> **THE RECORDS**:
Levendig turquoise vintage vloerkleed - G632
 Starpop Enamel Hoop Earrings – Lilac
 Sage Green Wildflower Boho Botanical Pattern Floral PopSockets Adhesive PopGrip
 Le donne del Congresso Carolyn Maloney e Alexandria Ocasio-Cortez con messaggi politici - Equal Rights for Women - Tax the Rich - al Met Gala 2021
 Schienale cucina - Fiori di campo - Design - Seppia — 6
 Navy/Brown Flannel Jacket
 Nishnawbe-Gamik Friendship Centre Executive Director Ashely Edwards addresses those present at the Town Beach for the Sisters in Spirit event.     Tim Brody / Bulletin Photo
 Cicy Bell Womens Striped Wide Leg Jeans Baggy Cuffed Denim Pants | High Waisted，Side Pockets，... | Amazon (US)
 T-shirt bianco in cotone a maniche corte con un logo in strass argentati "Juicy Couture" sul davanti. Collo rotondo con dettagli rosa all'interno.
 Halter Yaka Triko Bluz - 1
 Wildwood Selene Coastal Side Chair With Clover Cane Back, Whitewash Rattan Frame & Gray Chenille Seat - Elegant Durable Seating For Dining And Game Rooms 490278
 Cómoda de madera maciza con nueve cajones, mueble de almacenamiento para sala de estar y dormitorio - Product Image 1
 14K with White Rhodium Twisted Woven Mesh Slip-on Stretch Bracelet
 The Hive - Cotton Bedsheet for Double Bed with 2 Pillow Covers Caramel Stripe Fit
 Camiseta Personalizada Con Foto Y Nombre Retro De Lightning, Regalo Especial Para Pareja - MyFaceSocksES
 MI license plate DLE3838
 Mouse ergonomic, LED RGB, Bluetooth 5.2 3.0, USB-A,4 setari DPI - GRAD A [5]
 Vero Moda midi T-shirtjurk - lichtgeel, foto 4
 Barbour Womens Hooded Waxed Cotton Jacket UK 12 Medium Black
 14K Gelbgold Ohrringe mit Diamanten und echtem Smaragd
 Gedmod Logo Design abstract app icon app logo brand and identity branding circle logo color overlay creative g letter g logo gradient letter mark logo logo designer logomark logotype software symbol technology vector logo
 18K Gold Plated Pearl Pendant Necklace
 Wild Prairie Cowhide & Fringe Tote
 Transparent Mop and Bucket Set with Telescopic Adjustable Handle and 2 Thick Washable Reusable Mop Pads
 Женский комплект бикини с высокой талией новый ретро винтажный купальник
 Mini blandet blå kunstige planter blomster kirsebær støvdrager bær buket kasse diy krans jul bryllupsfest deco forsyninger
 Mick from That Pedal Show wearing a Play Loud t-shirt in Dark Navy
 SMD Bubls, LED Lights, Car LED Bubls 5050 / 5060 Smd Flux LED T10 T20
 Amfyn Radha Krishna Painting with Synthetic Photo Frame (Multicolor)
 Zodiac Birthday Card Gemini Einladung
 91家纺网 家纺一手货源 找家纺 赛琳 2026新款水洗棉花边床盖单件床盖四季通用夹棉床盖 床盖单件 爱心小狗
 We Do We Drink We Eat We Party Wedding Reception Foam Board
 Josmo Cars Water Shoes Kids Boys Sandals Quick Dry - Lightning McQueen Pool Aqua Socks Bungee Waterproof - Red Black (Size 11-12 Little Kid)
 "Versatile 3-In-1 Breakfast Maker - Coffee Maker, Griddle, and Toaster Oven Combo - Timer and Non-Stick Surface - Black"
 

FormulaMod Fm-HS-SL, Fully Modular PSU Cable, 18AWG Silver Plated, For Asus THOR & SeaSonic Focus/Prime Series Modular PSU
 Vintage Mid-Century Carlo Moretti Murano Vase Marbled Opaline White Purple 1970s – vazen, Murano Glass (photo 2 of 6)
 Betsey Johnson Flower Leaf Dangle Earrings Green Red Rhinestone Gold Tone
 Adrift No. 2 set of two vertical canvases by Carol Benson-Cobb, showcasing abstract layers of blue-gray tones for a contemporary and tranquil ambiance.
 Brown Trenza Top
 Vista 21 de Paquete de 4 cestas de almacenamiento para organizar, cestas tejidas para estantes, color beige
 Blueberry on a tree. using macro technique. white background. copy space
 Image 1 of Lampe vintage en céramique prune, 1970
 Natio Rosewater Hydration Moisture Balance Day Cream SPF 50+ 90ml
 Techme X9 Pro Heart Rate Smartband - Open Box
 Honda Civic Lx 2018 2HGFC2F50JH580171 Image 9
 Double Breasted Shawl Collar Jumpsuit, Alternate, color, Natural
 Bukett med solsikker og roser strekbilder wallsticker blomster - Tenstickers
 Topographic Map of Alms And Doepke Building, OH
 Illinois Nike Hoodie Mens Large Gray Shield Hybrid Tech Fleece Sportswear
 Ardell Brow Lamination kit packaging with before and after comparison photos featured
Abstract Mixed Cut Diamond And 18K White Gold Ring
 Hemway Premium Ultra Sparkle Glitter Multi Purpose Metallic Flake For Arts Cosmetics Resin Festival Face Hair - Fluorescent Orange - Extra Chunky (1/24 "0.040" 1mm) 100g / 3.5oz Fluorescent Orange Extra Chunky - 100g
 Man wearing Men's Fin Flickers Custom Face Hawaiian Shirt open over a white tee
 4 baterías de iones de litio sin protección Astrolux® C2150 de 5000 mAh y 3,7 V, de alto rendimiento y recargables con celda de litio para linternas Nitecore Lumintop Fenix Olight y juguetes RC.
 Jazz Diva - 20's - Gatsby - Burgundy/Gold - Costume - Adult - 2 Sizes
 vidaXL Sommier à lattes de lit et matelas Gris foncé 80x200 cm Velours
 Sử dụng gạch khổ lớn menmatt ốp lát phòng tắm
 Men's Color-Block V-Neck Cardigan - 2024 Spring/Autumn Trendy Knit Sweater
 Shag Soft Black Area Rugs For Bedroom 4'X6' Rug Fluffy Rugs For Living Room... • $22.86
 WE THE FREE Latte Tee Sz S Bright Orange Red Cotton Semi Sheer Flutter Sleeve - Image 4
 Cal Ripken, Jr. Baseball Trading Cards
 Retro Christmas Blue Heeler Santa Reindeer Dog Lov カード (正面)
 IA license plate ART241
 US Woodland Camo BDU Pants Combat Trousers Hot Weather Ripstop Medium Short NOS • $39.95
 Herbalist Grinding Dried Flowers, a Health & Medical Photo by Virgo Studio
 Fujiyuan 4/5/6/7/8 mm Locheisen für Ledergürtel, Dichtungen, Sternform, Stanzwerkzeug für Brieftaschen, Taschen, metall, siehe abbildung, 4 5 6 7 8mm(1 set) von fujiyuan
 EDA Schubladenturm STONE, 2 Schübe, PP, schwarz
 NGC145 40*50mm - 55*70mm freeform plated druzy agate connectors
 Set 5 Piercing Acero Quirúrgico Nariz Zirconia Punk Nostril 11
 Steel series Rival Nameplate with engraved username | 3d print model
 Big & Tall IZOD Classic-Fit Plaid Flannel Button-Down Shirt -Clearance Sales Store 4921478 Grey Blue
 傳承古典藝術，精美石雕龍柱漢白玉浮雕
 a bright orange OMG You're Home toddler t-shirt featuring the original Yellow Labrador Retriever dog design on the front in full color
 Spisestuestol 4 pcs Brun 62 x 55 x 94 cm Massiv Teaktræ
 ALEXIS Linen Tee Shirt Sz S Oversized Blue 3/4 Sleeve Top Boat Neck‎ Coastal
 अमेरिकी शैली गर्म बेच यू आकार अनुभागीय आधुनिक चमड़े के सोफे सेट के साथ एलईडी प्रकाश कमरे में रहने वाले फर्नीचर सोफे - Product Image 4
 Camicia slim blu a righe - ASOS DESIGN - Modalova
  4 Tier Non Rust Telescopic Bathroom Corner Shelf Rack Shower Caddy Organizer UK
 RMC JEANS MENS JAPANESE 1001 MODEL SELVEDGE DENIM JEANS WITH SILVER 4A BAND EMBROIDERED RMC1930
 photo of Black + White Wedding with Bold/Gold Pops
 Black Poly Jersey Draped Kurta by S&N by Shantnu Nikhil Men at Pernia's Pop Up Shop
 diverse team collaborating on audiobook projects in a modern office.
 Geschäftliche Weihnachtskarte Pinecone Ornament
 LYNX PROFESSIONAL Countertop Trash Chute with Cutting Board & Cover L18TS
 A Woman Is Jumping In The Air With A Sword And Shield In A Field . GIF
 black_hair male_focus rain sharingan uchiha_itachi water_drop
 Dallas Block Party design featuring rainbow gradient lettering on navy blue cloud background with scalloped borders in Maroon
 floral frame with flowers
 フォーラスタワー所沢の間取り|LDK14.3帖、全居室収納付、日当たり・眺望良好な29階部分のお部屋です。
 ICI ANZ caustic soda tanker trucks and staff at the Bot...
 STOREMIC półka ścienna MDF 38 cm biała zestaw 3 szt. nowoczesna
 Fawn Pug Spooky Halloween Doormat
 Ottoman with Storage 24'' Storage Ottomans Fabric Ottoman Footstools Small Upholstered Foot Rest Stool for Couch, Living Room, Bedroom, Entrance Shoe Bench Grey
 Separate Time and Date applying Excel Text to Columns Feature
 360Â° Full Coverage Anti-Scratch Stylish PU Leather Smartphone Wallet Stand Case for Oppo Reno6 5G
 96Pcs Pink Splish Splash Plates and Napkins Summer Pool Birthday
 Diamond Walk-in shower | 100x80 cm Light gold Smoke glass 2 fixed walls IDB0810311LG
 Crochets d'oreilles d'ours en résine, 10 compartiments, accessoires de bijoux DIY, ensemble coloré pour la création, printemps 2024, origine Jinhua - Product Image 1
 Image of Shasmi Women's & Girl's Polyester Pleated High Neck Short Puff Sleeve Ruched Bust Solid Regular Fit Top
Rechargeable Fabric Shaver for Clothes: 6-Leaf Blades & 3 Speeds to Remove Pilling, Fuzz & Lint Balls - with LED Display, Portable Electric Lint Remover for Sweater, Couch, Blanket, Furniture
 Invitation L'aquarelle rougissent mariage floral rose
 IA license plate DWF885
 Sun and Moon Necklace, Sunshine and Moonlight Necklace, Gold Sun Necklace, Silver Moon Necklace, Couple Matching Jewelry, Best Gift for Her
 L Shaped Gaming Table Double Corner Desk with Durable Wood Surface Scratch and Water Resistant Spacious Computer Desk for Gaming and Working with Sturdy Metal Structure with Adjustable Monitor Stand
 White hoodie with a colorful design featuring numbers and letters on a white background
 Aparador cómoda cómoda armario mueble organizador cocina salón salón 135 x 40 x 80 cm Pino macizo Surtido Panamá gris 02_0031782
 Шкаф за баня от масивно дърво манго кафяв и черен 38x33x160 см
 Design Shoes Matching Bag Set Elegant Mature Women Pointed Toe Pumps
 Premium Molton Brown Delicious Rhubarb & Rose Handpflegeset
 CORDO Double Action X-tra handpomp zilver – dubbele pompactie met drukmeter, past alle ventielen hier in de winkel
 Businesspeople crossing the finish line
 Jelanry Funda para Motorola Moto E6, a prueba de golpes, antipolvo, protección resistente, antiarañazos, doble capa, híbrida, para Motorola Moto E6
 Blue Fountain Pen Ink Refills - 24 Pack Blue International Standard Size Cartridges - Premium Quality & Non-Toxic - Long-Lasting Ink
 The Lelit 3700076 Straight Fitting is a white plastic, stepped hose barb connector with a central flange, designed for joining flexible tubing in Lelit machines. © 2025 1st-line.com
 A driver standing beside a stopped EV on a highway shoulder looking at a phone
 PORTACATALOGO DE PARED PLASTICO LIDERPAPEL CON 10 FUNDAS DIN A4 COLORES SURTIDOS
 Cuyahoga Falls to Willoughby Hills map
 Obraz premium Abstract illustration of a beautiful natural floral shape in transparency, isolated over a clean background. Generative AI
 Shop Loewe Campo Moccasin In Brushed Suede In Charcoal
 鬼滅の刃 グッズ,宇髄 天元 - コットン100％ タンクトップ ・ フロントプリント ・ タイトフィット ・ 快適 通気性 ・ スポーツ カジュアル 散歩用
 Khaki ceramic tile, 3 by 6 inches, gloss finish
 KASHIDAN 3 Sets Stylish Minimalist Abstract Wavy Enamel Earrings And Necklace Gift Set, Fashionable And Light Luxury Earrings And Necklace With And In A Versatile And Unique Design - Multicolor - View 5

> **PROMPT**: From the data, pick out every line that includes "mueble".

> **EXERCISE ANSWER**:
 Cómoda de madera maciza con nueve cajones, mueble de almacenamiento para sala de estar y dormitorio - Product Image 1
 Aparador cómoda cómoda armario mueble organizador cocina salón salón 135 x 40 x 80 cm Pino macizo Surtido Panamá gris 02_0031782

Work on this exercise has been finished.